Marc Ambinder - Marc Ambinder is the White House correspondent for National Journal and a contributing editor at The Atlantic. More

Marc Ambinder is the White House correspondent for National Journal. He previously served as the politics editor, and is now a contributing editor, for The Atlantic, where he curated the influential Politics channel on TheAtlantic.com and contributed to the magazine. He was also a chief political consultant to CBS News. Earlier, at NJ's Hotline, Ambinder was the founding editor of "Hotline On Call," a pathbreaking political news blog. He also worked as a producer and reporter for the ABC News Political Unit and was one of the founders of ABC's "The Note." Born in New York City, raised in Central Florida, Ambinder is a 2001 graduate of Harvard and lives in Washington, D.C.

On Torture, Who Could Still Be Prosecuted or Dinged? A Brief Rundown...

By Marc Ambinder
Apr 20 2009, 12:28 PM ET Comment

Senior Justice Department lawyers won't face prosecution for providing bad legal advice, chief of staff Rahm Emanuel said this weekend. But if a widely-anticipated report from the Office of Professional Responsibility concludes that DoJ lawyers were guilty of professional misconduct, they could be disbarred or impeached.  Still, officials who deliberately went beyond the guidelines provided by the Justice Department's OLC -- and who knew they went beyond those guidelines -- could face prosecution. The standard for judging whether the line was crossed is unknown.

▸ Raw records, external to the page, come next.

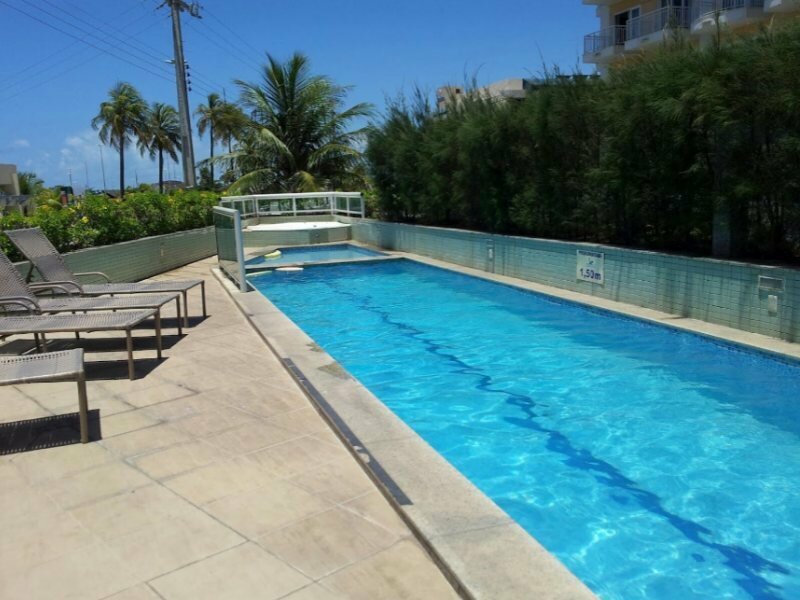 Фото Real Classic Hotel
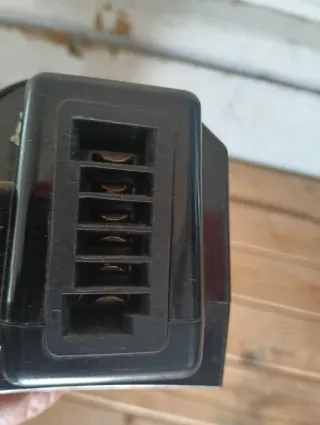 Batería E-bike Giant EnergyPak 500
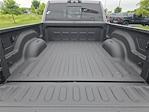 2025 Ram 2500 Crew Cab 4x4 Pickup for sale #5696972 - photo 22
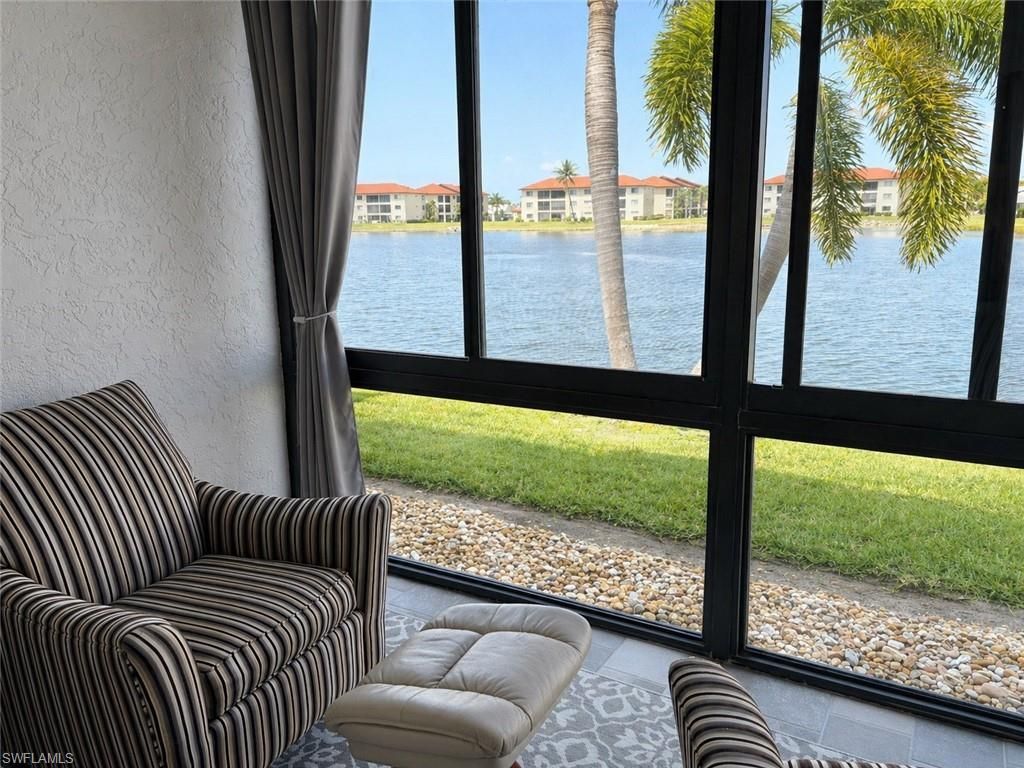 11610 Caravel Cir , Unit 105, Fort Myers, FL 33908 Photo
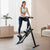 Centra Stair Steppers-1954802448015167495
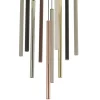Lámpara de techo colgante Ostrava 10XG9 30CM Ø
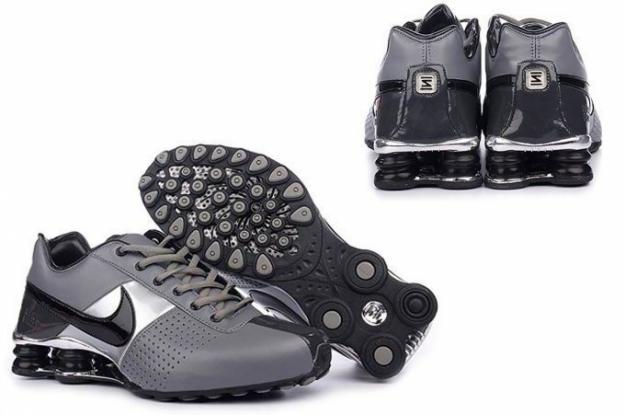 2012 nike shox r2,r3,360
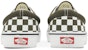 Vans Era 'Checkerboard Beech' (Papan Dam Catur Beech) VN0A4BV4VXI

## The disclosure of Stellar Wind, a code ward for most of the NSA's domestic surveillance program, may well result in the prosecution of Thomas Tamm, a Justice Department national security lawyer, who tipped off the New York Times that something big was happening. If the Obama administration faithfully interprets the law, Tamm should be prosecuted; if the Obama team allows its sympathy for Tamm's moral dilemma to prevail, he won't. 

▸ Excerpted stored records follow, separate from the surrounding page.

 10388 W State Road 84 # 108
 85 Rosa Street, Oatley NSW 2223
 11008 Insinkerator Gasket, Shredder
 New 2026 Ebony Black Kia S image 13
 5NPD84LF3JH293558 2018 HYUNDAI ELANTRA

## There are numerous civil suits pending against the NSA, contractors, and other government agencies about domestic surveillance. The government has asserted the states secrets privilege in the two major ones, Al-Haramain and Jeppesen Dataplan.  At least one of these cases will probably be won by the plaintiffs, although the Supreme Court will probably weight in on several related issues. The civil suits won't lead to prosecutions, but they might wind up producing evidence that prosecutors could use in criminal cases.

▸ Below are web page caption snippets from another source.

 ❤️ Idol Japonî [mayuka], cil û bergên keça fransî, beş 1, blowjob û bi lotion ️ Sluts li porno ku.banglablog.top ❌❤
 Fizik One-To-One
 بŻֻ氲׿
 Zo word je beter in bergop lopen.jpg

## The extraordinary rendition program. Legal by all accounts, it began in 1995 with the forced transfer to Egypt of one Abu Talal al-Qasimi. Even though the United Nations Convention Against Torture prohibits transfer of prisoners to countries known to torture, the language is fairly ambiguous and gives executive branches wide berth. Hundreds of prisoners were rendered to other countries; many seem to have been brutally tortured in ways that even the Office of Legal Counsel wouldn't sanction. The U.S. courts have been fairly clear: the executive branch is the only agent of government that can make the determination about whether other countries torture, so it's going to be hard to for a prosecutor to make a case that any U.S. official knew about impending torture in, say, Morocco or Syria -- that's because the law, as it stands, does not allow the judicial  branches to make fact-based judgments like whether another country tortures.  Some other measure of bad faith would have to be disclosed... 

## Direct evidence of U.S. military or intelligence officials interrogating or brutalizing prisoners outside the chain of command.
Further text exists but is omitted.